Extracted information:

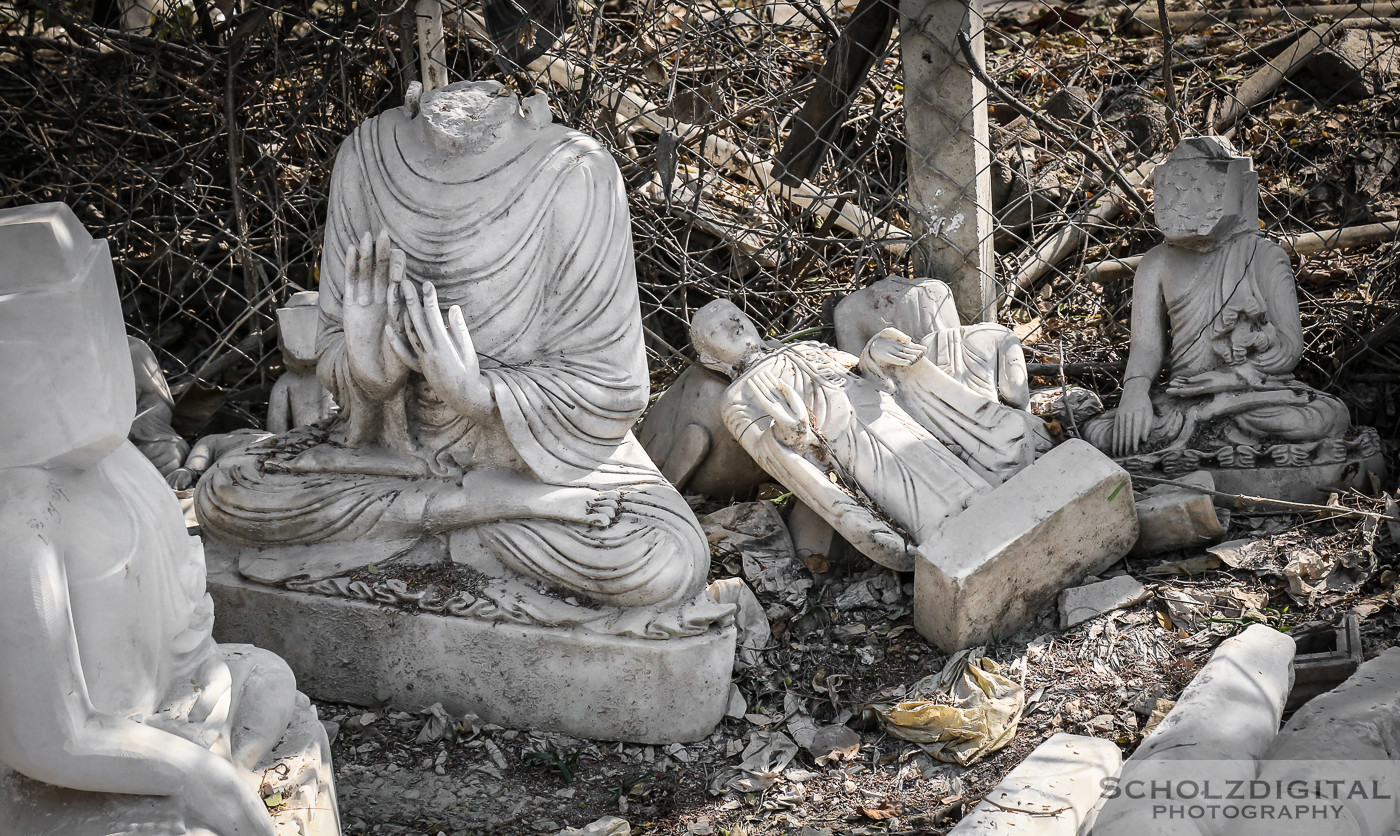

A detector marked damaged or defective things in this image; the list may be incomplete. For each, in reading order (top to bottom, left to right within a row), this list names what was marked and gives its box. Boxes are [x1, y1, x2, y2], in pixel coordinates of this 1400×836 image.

damaged sculpture [0, 202, 338, 836]
damaged sculpture [201, 81, 740, 740]
broken pedestal [206, 544, 740, 744]
rusty wire fence [0, 1, 1392, 438]
damaged sculpture [688, 300, 1136, 652]
broken pedestal [920, 438, 1136, 652]
damaged sculpture [1080, 136, 1384, 500]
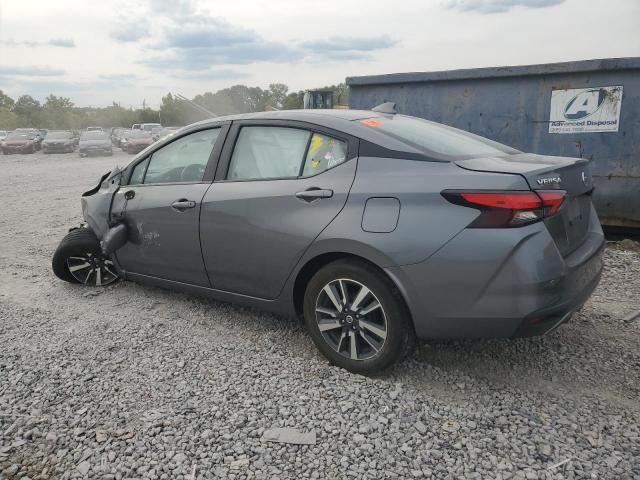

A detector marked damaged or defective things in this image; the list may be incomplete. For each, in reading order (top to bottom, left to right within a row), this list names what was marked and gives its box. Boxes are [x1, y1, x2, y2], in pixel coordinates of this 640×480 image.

detached wheel [52, 228, 119, 286]
damaged front end [80, 170, 129, 258]
detached wheel [302, 258, 412, 376]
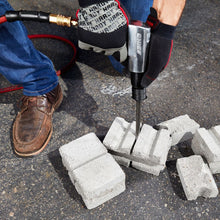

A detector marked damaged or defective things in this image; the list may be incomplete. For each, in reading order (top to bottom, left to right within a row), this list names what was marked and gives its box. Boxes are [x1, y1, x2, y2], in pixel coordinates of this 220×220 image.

broken concrete [59, 132, 125, 210]
broken concrete [156, 114, 199, 145]
broken concrete [177, 155, 218, 201]
broken concrete [191, 125, 220, 174]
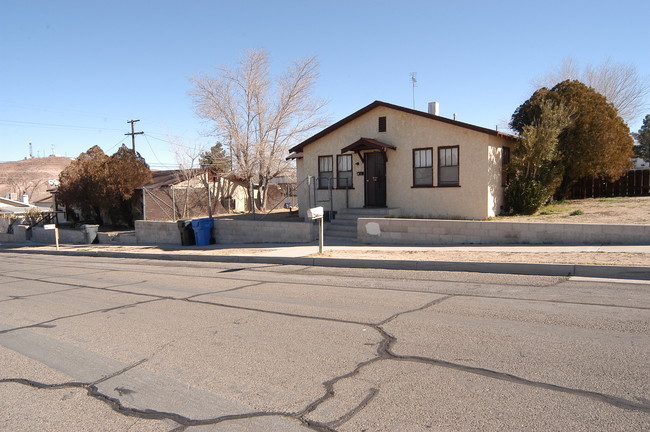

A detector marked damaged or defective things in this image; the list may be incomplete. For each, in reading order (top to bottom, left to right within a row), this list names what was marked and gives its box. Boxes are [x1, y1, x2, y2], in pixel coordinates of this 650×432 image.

cracked asphalt road [1, 251, 648, 430]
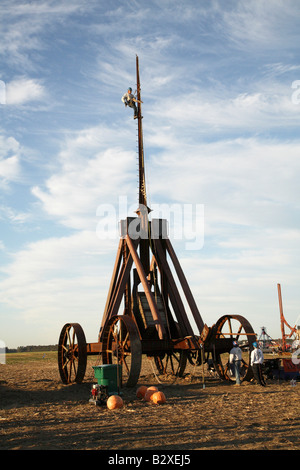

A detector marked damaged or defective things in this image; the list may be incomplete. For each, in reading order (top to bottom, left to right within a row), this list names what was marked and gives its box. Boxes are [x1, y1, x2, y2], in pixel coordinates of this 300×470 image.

rusty metal [57, 55, 256, 386]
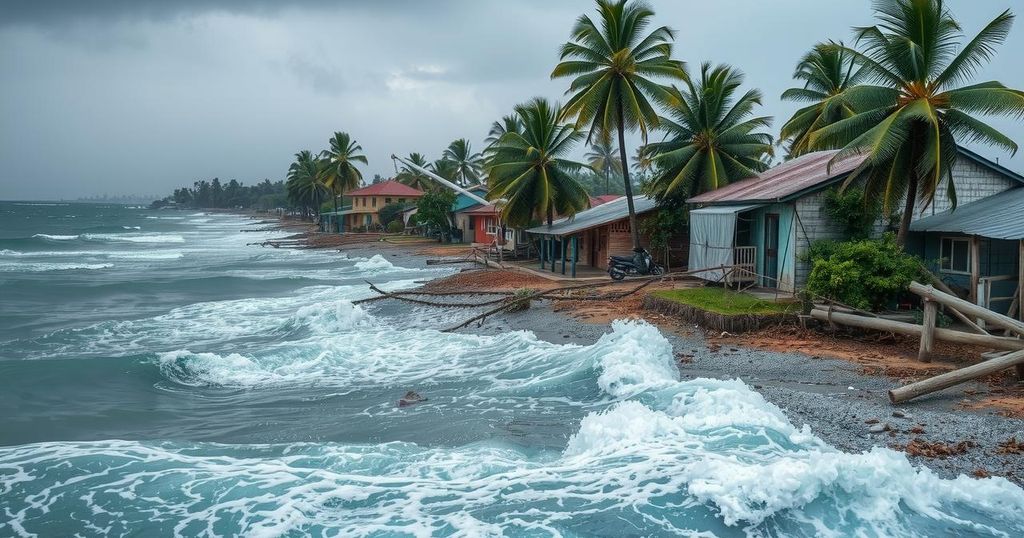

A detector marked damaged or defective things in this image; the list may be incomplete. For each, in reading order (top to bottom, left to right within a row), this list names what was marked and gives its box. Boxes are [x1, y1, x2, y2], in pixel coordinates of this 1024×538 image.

rusty metal roof [684, 149, 868, 204]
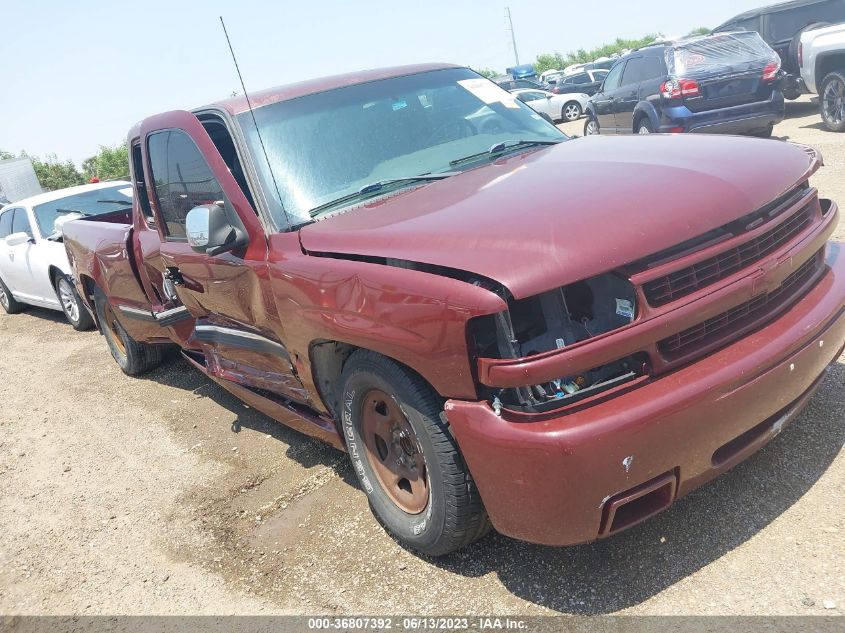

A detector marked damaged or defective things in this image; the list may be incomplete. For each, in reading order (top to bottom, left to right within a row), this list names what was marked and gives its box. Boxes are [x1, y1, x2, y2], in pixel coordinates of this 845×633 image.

rusty wheel rim [100, 302, 125, 356]
damaged red truck [62, 64, 844, 552]
broken headlight assembly [468, 272, 648, 414]
rusty wheel rim [362, 386, 432, 512]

About this task:
Please print the lines from the one holding "this 1024×538 image." through the end of the records above, unchanged and with the pictures left out.

Output for this exercise:
A detector marked damaged or defective things in this image; the list may be incomplete. For each, in reading order (top to bottom, left to right within a row), this list names what was marked and gives its box. Boxes are [x1, y1, x2, y2], in pixel coordinates of this 1024×538 image.

rusty metal roof [684, 149, 868, 204]

A detector marked damaged or defective things in this image; the list may be incomplete. For each, in reading order (top to bottom, left to right within a row), this list names what was marked and gives its box. Boxes are [x1, y1, x2, y2], in pixel coordinates of this 845×633 image.

rusty wheel rim [100, 302, 125, 356]
damaged red truck [62, 64, 844, 552]
broken headlight assembly [468, 272, 648, 414]
rusty wheel rim [362, 386, 432, 512]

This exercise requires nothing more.